Interesting if light-ish article from the publication The Drinks Business on the question of labeling beer with their caloric content:
According to public health minister Anna Soubry, officials have been in talks with the drinks industry about the possible inclusion of calorie content on labels. Ministers are hoping that displaying the calorie content in beers, wines and spirits could encourage those who are watching their weight to drink less. Most manufacturers already include information on units of alcohol on labels in a voluntary agreement with the Government. A recent study by the Drink Aware Trust has linked the large amount of calories in alcoholic drinks to people being overweight and obese.

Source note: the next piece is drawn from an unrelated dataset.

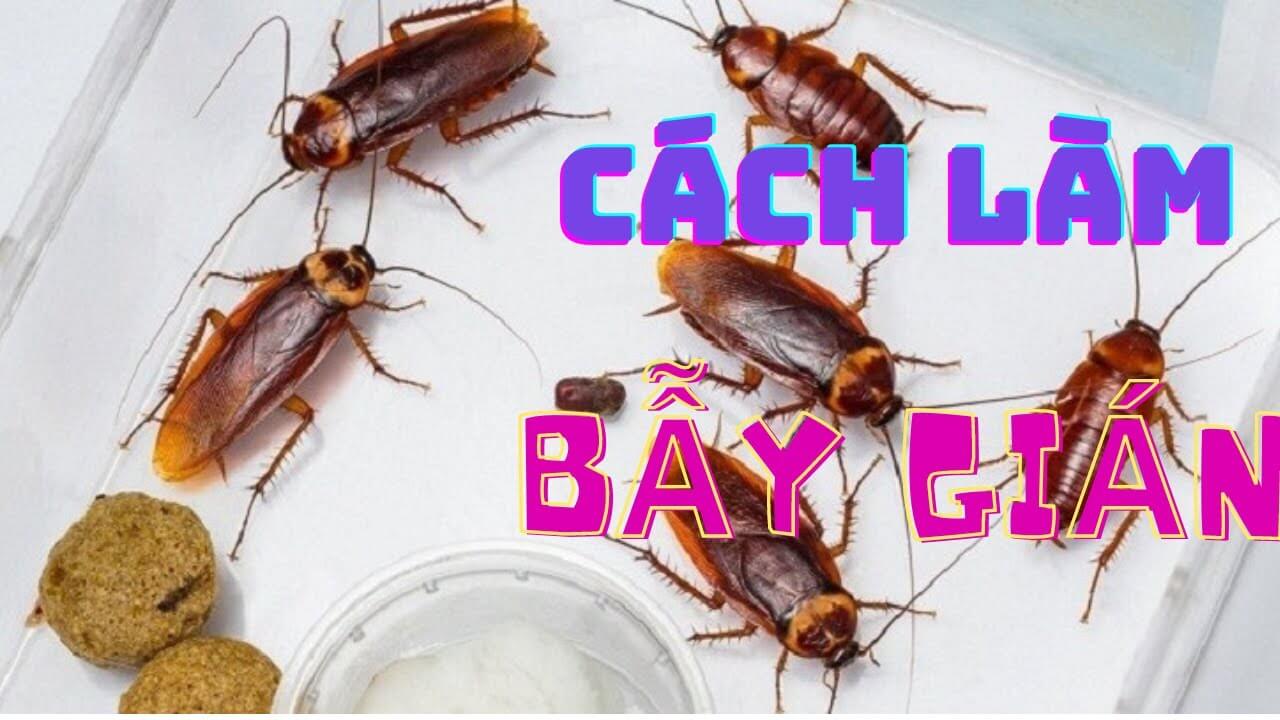 Cách làm bẫy gián tự chế siêu đơn giản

Makes perfect sense to me. Every box of crackers in the cupboard tells me how many calories are in a handful already. I can look up the calories in meats and other ingredients because they are fairly standard measure as these things go. But a beer is not a beer is not a beer. Who knows what people are sticking in there and what it means over the long term? Some of the big bombs out there might as well be mugs of piping hot icing and should be handled with great care. And the drive to have more proper sessionable low alcohol beers might get a kick if the truth about stronger stuff were wildly known. Makes sense.

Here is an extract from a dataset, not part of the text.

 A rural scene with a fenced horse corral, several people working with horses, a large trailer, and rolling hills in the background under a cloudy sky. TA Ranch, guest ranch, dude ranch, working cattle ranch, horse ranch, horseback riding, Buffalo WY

And why stop there? One thing that drives me a bit nutty are abstract standards like the UK's absolutely silly use of "units" as a measure of alcoholic strength. What we need on a bottle is the actual ml of pure alcohol. A 500 ml can of 7% of semi-DIPA has 35 ml. Two of these innocent pals are well within the ball park of a 750 ml corked top bottle of that swell 10% beer but far less, err, red flaggy. Is it too much to ask for a universal standard based on a standard that is basically universal?
Is there pressure to keep this sort of information away from the beer buying public? Or do you actually just not want to know. Are they, like price, things of no interest to the... umm... passionate?